When the movie “Tron” was released in 1982, virtual reality seemed like nothing more than science fiction. While much of the movie still remains fantasy—there are no light cycles yet—inventions like the Microsoft HoloLens and Samsung Gear VR are making virtual worlds a reality.

Nearly a decade after that movie was released, the U.S. Clean Air Act was updated by Congress in 1990 to include protections from power plant emissions. These amendments promoted the increased use of natural gas, but it took 25 years for natural gas to achieve parity with coal-fired power generation.

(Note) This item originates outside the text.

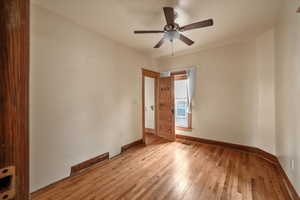 Empty room featuring light wood finished floors, baseboards, and a ceiling fan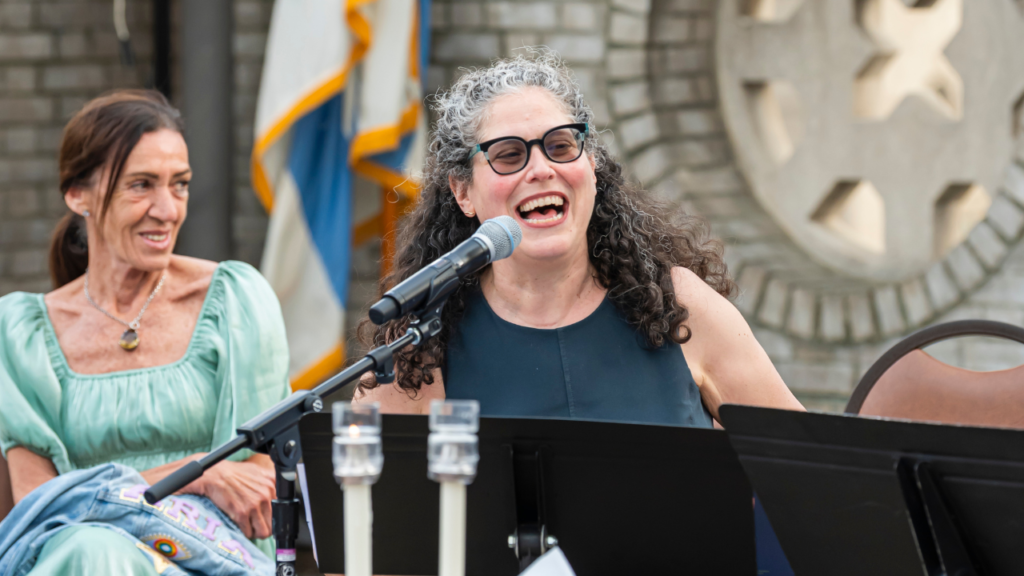 Two women sit outside Temple Emanu-El, one smiling and speaking into a microphone, with music stands before them.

While the power generation industry has known for years it was going to switch from coal to another energy source to meet carbon emission reductions sought on both the federal and state levels, the decision on what this future source was going to be was up for debate. There was hydroelectric, solar, wind, “clean” coal and other sources.

Pros/cons

All had their advantages along with a long list of disadvantages. The cleaner fuels had problems with 24-hour deliverability rates while the fuels that could be depended upon as baseload fuels were far dirtier than alternative sources. There was also the issue of cost involved with newer technologies that would significantly increase the price of electricity on the consumer end.

The plan by the power sector at the start of this century was to increase the use of natural gas for electric generation as a bridge fuel to renewables. The problem was that gas production out of the U.S. was on a long decline and much of the gas that would be utilized as baseload fuel was going to have to be imported as very expensive LNG. Then along came the shale gale, which greatly reduced the cost of natural gas prices over much of the past decade. Suddenly, coal’s lifespan was shortened significantly as the switch to gas by power generators was sped up and the future was arriving much faster than expected.

Nuclear power, once a promising baseload power source, has been hamstrung by federal regulations and anti-nuclear public sentiment following Japan’s Fukushima disaster five years ago. Still, there is some new development of domestic nuclear plants, such as Georgia Power’s Vogtle Units 3 and 4, now under construction near Waynesboro, Ga. Unit 3 is scheduled to go online in 2019 and Unit 4 in 2020. Nuclear’s share of the power generation business is expected to change little in the foreseeable future with the concurrent retirement of older plants.

Power play

According to data from the U.S. Energy Information Administration, gas power generation has increased 76% in the decade from 2005 to 2015 while coal-fired power generation has fallen by 33%. Renewables are getting a great deal of attention and picking up market share, but gas is proving to be the big beneficiary of coal conversions. Last year, the coal fleet diminished by 6%, with 29% of that capacity picked up by natural gas with renewables behind gas conversions.

“Renewables are making gains because companies are increasingly reducing their dependence on baseload power generation, but you’re never going to see renewables take over the majority of the electricity mix because generators can’t rely on them the way they can natural gas or coal,” Chris Cothran, gasification analyst at Stratas Advisors, told Midstream Business.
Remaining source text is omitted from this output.